NY futures continues to advance
NY futures continued to advance, with May gaining 90 points to close at 49.31 cents, while December added 93 points to close at 54.28 cents.
We believe that the main feature this week was the lack of sellers, which has allowed the market to work its way higher with minimal effort. If we subtract all the spreads related to the rolling of the May contract, outright daily trading volume amounted to no more than 5'000 - 10'000 contracts all week long. Also, open interest continued to decline by over 8'600 contracts since last Thursday, which is another sign that there has not been much momentum behind this latest move higher.
The CFTC report as of April 7 confirms that both specs and index funds have been increasing their respective net long positions in recent weeks. Since March 10, large specs have bought 17'519 more futures and options contracts than they sold, while non-reportable positions added 6'689 contracts.
Until last week, the trade has been willing and able to take the short side of these net long transactions by specs and index funds, as it has increased its net short by 26'574 contracts over these same four weeks. But after massive loan redemptions there are now only a little over 2 million bales left with the government, which means that the trade has no longer a reason to short the market in big volume.
Quite to the contrary, when we look at the current US balance sheet, there should be about 4.4 mio bales of unsold cotton outside the loan, most of which have a short futures hedge against them. Therefore, for every bale that is sold to mills, we can expect the corresponding short futures position to be bought back, which means that the trade will most likely be a net buyer from here on out. Thanks to the fact that the July/Dec spread provides about 85 points of carry per month, the trade has time to work this basis-long position, but the goal is to get these bales sold as soon as possible.
In recent years one could make the argument that the trade would probably be a seller of futures over the summer months as it enters into new crop contracts with producers, but we don't expect much in the way of such forward business this season. Gone are the days when the trade tried to buy three seasons ahead in Brazil and here in the US it makes sense to acquire cotton in the loan and to play the redemption game without having to commit to the futures market for an extended period.
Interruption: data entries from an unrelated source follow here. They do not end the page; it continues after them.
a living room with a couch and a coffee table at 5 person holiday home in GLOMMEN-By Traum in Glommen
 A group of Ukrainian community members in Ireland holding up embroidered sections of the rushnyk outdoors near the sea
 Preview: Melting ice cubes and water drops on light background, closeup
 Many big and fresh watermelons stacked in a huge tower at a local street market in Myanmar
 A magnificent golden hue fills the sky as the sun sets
If we are correct in our assumption, then the trade is pretty much out of the picture as a potential short seller until new crop is harvested. This begs the question 'who is going to provide the shorts' if specs want to further increase their long position? It would have to be the speculators themselves, either by longs taking profit or by new shorts coming in. The only problem with that theory is that specs typically follow trends and once a trend is established, there won't be too many specs wanting to sell the market.